Starting in the late 1960s, science fiction authors began to explore futures very different from those imagined by dominant science fiction franchises such as Flash Gordon, Star Wars and Star Trek. One of these new trends was named Cyberpunk and drew from the emergence of new digital paradigms afforded by the computer and early forms of the Internet. Thus, Cyberpunk stories rarely take place in outer space but instead on a planet where these technologies, global warming and hyper-capitalism have transformed not only the climate and geopolitics, but also human and more-than-human relationships. Stories such as Philip K Dick’s Do Androids Dream of Electric Sheep (1968 – the inspiration for the Blade Runner films) or William Gibson’s Neuromancer (1984) thus take place in what has been referred to as cyberspace, and characters can be human-android hybrids or electronic uploads.
Cyberpunk shares certain elements with texts that have been filed as Steampunk by critics and scholars. Like the Cyberpunk story, Steampunk plays out mostly on Earth in worlds directed, and/or eroded by, the capitalist world system as it appeared during the nineteenth century. Unlike Cyberpunk, it thus imagines a future that is exceedingly low-tech, and where coal (the steam engine) is still the dominant source of energy. Steampunk is at once deconstructive of these old energy systems (and of the imperial polities they made possible), and enormously nostalgic, reveling in the aesthetics of British Victorian machinery, architecture and couture. Since the emergence of these genre concepts, critics have employed the notion of -punk to theorize texts such as the Mad Max films as Dieselpunk or biotechnology thrillers such as Mark Budz’s Clade (2004) as Biopunk. Many classic climate fiction novels draw from these different subgenres and are sometimes classified as examples of them.
The point here is that food plays an important role in many of the texts that belong to these subgenres. Cyberpunk is often marked by a turn to non-western modes of eating. Since the genre coincided with the economic rise of Japan, characters in US examples of the genre can be seen to consume ramen noodles and other types of dishes not common in the US at the time. Cyberpunk also explores the possibility of artificial, in-vitro, lab-grown protein. In Gibson’s Neuromancer, a character by the name of Molly is terribly excited by the prospect of eating meat that isn’t “vat stuff” but comes from an animal that has been raised for years and then killed. By contrast, Steampunk tends to imagine people sticking to forms of eating common in nineteenth-century Europe.

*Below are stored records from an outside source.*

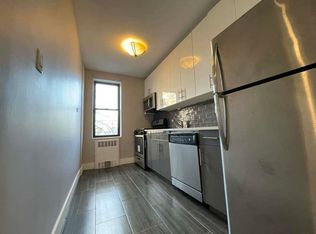 1272 E 36th St #F2, Brooklyn, NY 11234
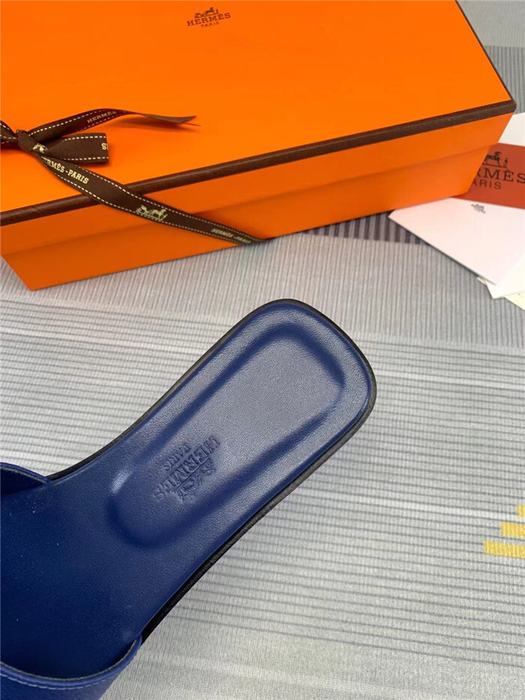 Hermes_Men_shoes_yupoo_Original_quality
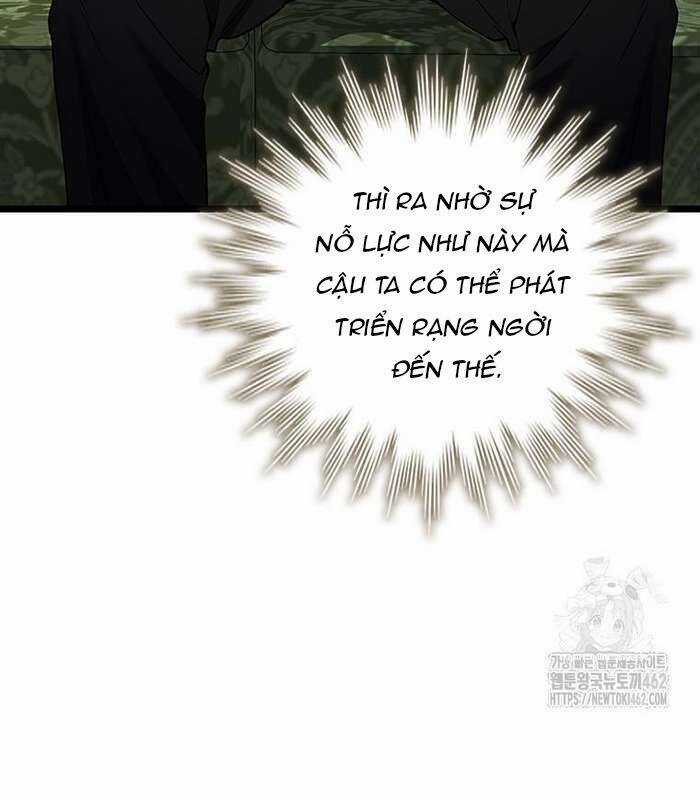 Thực Long Ma Pháp Sư - Chương 77 - Trang 64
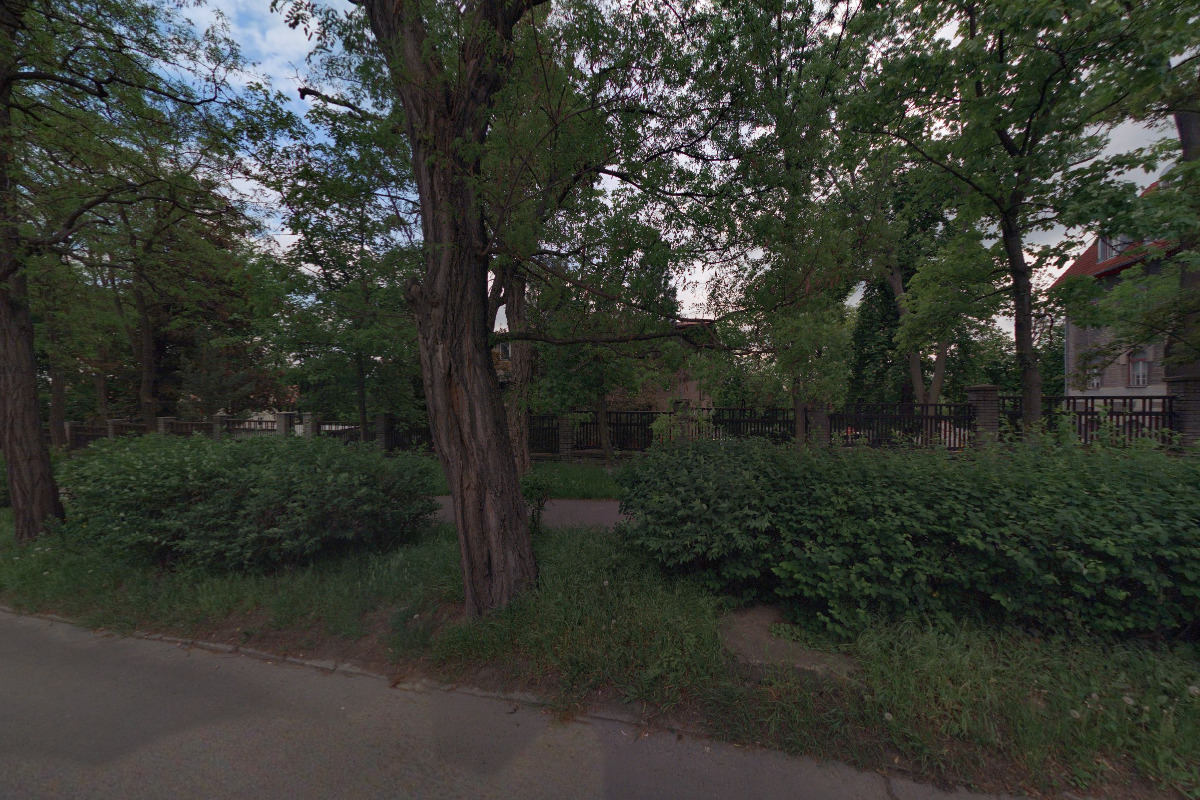 AK Tomáš Výborčík foto 2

In this way, visions of food futures are intimately tied to the energy forms and technologies that authors employ to imagine futures.
One of the most recent types of -punk to register on the critical radar is Solarpunk. More than any other genre, this subgenre explores how new and sustainable energy forms (solar power in particular) have paved the way both for continued human life and for a less extractive relationship to the planet. Solarpunk is sometimes referred to as Hopepunk simply because it explores futures where the future is not a constant slog through a polluted, flooded and war-ridden (post)capitalist dystopia. A prime example of this new genre is Becky Chamber’s novella A Psalm for the Wild-Built(2021) and its sequel A Prayer for the Crown Shy. These texts play out in a future where humans have developed technologies and relationships that are not extractive. People still consume meat but the raising of livestock is no longer industrial and erosive to life on the planet. In other Solarpunk stories, many collected in Plant Based Press’s annual Best Vegan Science Fiction and Fantasy collections, diets have been shifted towards the mostly or wholly plant-based form of eating that the EAT-Lancet Commission has described as central to preventing rampant global warming. Solarpunk novels also tend to connect the turn to new vegetarian and vegan diets to other types of profound social change. Thus, the people who have given up meat in futures narrated in Solarpunk fiction have also abandoned the normative class, race and gender relationships that inform much of global society today. The turn away from meat is accompanied by a turn away from toxic forms of masculinity.
When exploring the affordances of science fiction to imagine new and (un)sustainable futures, subgenre conventions matter. The depiction of new and future foods is intimately tied to the conditions that are central to different subgenres of science fiction.